Many times I would watch her in disbelief as she scraped the mold off some old bread and eat it with a slab of butter. When she caught my looks of shock and horror, she would roll her eyes at me and say…”Julie Anne, a little mold never hurt anyone.” I begged to differ…but that’s beside the point, because old habits die hard, and for her…wasting food just wasn’t an option. Many times she would scrape our plates clean, and then…when the last spoonful of green beans just could not be eaten…she would save it in an old margerine tub, put it in the refrigerator to be eaten another time.
This used to drive my mom crazy because whenever my grama came over for dinner (which was a few times a week at least), we’d have 20 margerine tubs full of food that NOONE was ever gonna touch. But then Grama Dee would come over again the next day or so, and sure enough…she’d take out that margerine tub full of those 10 green beans and eat them. So nothing ever really did go to waste.
Anyway…one of the most important food memories that I (and everyone in my family) has of my Grama Dee, is her most beloved Depression staple, ketchup spaghetti. From the time I could slurp down a noodle, I’ve been eating it. And it’s my dad and cousin Brian’s favorite food. I’m not kidding, it really is. There are so many memories surrounding this one dish, that they’d be far too many to write here.
But one of the most comical, was the first time my poor brother-in-law, Mark encountered this infamous dish. Now, Mark is 100% Italian (or EYE-TAIL-YUN as Grama Dee used to say) and he was horrified that a spaghetti noodle could be so abused. IN EVERY WAY. But he was a good sport, and for my sister (and our grama) he obliged us all, and tried a bite.

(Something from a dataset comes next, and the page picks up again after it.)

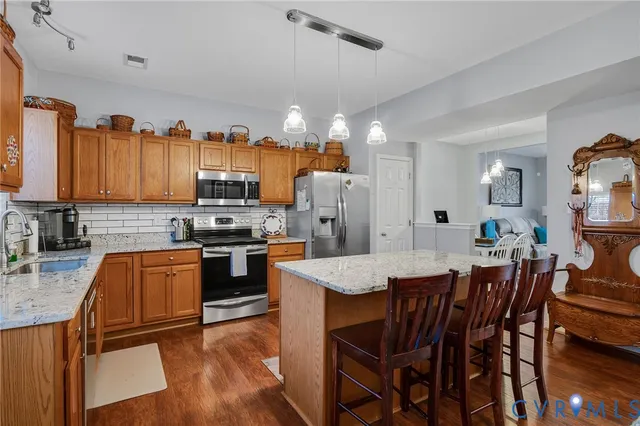 a large kitchen with a table and chairs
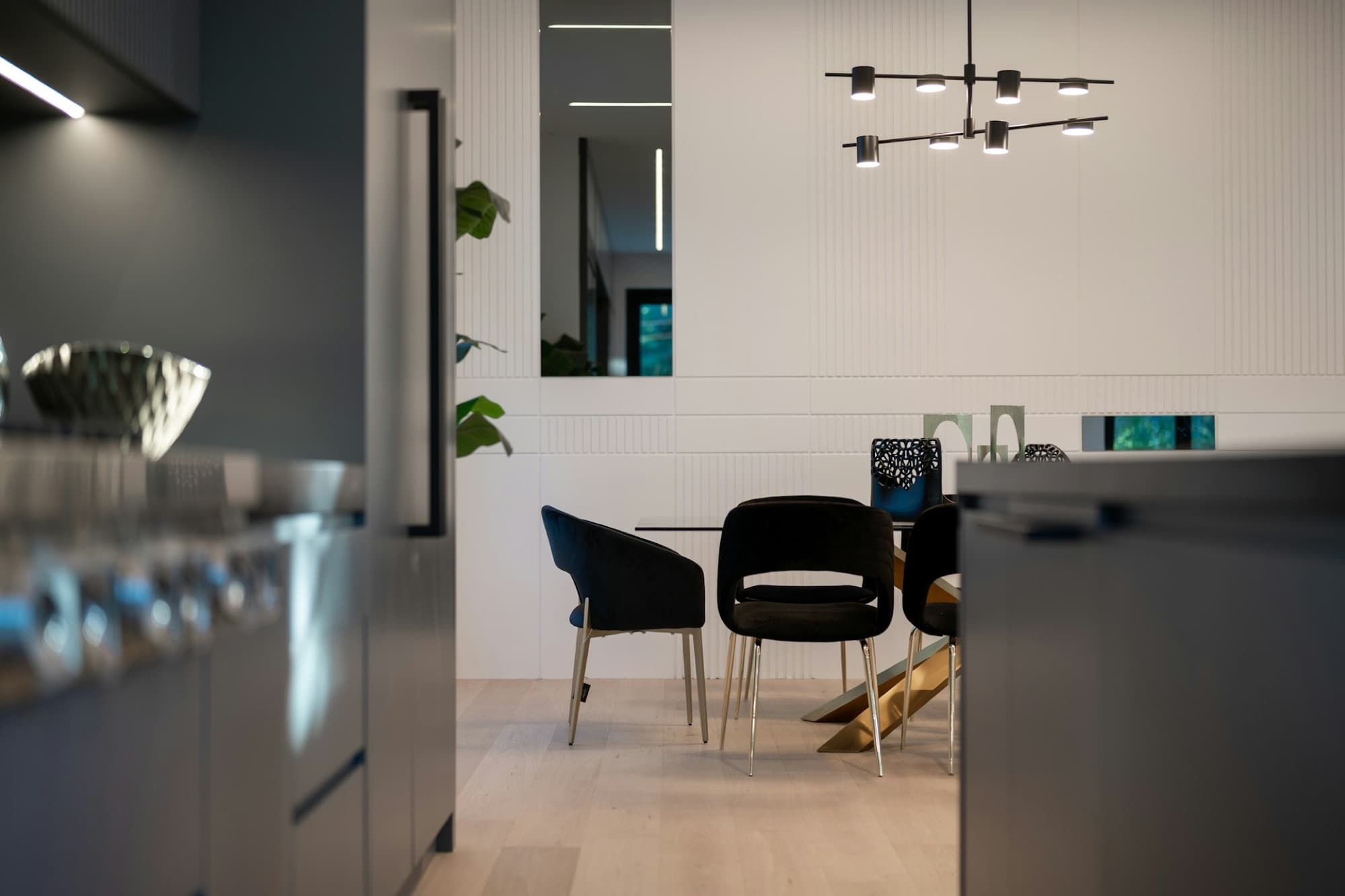 Dining area with sculptural pendant and black leather chairs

After his first gag reflex kicked in…my dad howled with laughter, and my poor grama was never able to convince Mark to eat another bite, no matter how many times she tried.
Yep, true enough, ketchup spaghetti is not for the weak of palette, because unless you were raised on the stuff like I was, I can’t imagine most people would react much different than Mark did. But as gross as it must seem to most, it is the one food I hold dearest to my heart, and will never, EVER tire of eating until the day I die.
So I probably don’t have to tell you that ketchup spaghetti was born out of the Depression because all it required was spaghetti and ketchup and of course, the hillbilly requirement to any dish…BUTTER.
Times were tough, and that’s all I know. My grama used to tell me that when her family did happen to have a few extra pennies, they would fancy it up with some sugar, onion and ground beef. But most of the time, it was just simply noodles and ketchup. While my grama was known to mix it up every once in a while and make it with elbow macaroni, for my purposes here, I’d like to keep it real, and stick with the way she usually made it – with spaghetti noodles. So here it is…(and I’m giving you the fancified version, with the onion and ground beef, and if you’re too poverish for that, then you can just omit those from the recipe)…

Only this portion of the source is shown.